Life is good for our hero, Ainvar. He is the Chief Druid for all of Gaul. He has the most talent for magic seen in many generations. Kings and warriors listen carefully to his counsel. He is the soul-brother of the famed Vercingetorix. And he gets to practice sex magic with all sorts of women.
But there is a black cloud on the horizon. It wears a red cloak and is named Gaius Julius Caesar. It doesn't take a ballista-scientist to divine his aims. To subjugate all the Gallic tribes. And exterminate the Druids.
What's To Like...
The characters are well-developed. The women characters are just as strong as the men. Indeed, some even join the front ranks of the battles. The historical portions (Vercingetorix's struggles against the Romans) are accurately detailed.
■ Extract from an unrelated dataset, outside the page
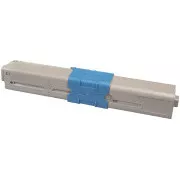 OKI C332 (46508711) - Toner TonerPartner PREMIUM, cyan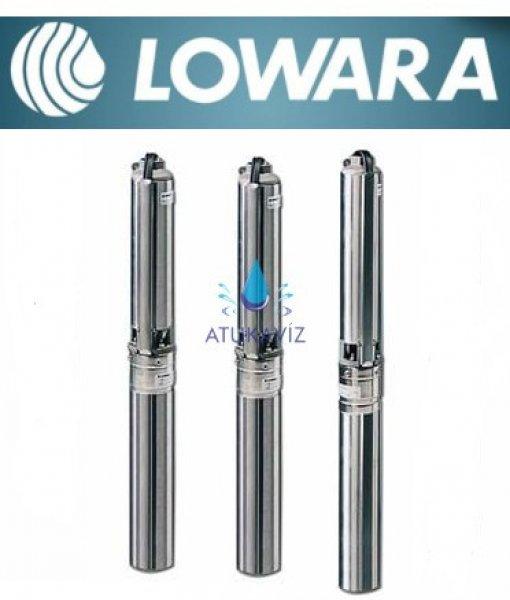 Lowara 4GS07M-4OS 2W+30MT csőbúvár szivattyú 6,5 bar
Historically, very little is known about the Druids themselves, and most of it comes from the biased Romans. So Morgan Llwelyn has free rein to develop a believable druidic system. She's creatively superb at that, and it's when she's detailing the spells, propheecies, out-of-body erperiences, etc. that the fantasy part of the novel arises. That's okay though, cuz New Age (so-called) Druids will eat it up.
The magic is potent, but not all-powerful. I'll put up with the sex magic, although the idea of a promiscuous priesthood seems a bit far-fetched. And I'm okay with the uneven subject treatment (the Gauls wear the white hats; the Romans wear the black ones). If you want to cheer for the Romans, go read Caesar's Gallic Commentaries.
Kewlest New Word...
Vates : Soothsayers; bards; prophets; poets. Usually refers to Celtic practitioners of these arts.
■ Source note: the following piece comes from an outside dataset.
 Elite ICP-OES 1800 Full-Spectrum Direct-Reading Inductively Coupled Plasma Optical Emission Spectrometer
If I could only reach the grove I thought, in my panic, that I would be safe. The grove was sacred, everyone knew that. Even the animals of the forest were said to revere it; surely the wolves would not kill me there.
At fifteen, one believes any amount of nonsense. (pg. 8)
The chief druid never made an awkward gesture, even when he scratched himself. Every movement was fluid, celebrating the ability to move.
I was so impressed, I even believed he farted musically. (pg. 23)
"Don't waste your effort on smoke and sacrifice, Ainvar," he said harshly. "We're winning through our own strength, not because of some dubious druid magic."
Winners, my head observed, believe they succeed on their own merit. It is only losers who require gods to blame. (pgs. 341-42)
Death is a cobweb we brush through; not the last thing but the least thing. (pg. 153)
Druids is a nice blend of history and fantasy. It is to Morgan Llywelyn's credit that neither overwhelms the other. The writing is well-done and the pacing is good. But this is also a tragic tale.
The outcome is inevitable. "Veni, vidi, vici."
The ending is therefore sad, but not maudlin. The Romans win; the Gauls are conquered; the Druids are scattered; and Ainvar is forced to flee for his life. That may seem like a major downer, but be of good cheer. There is a sequel. 9 Stars.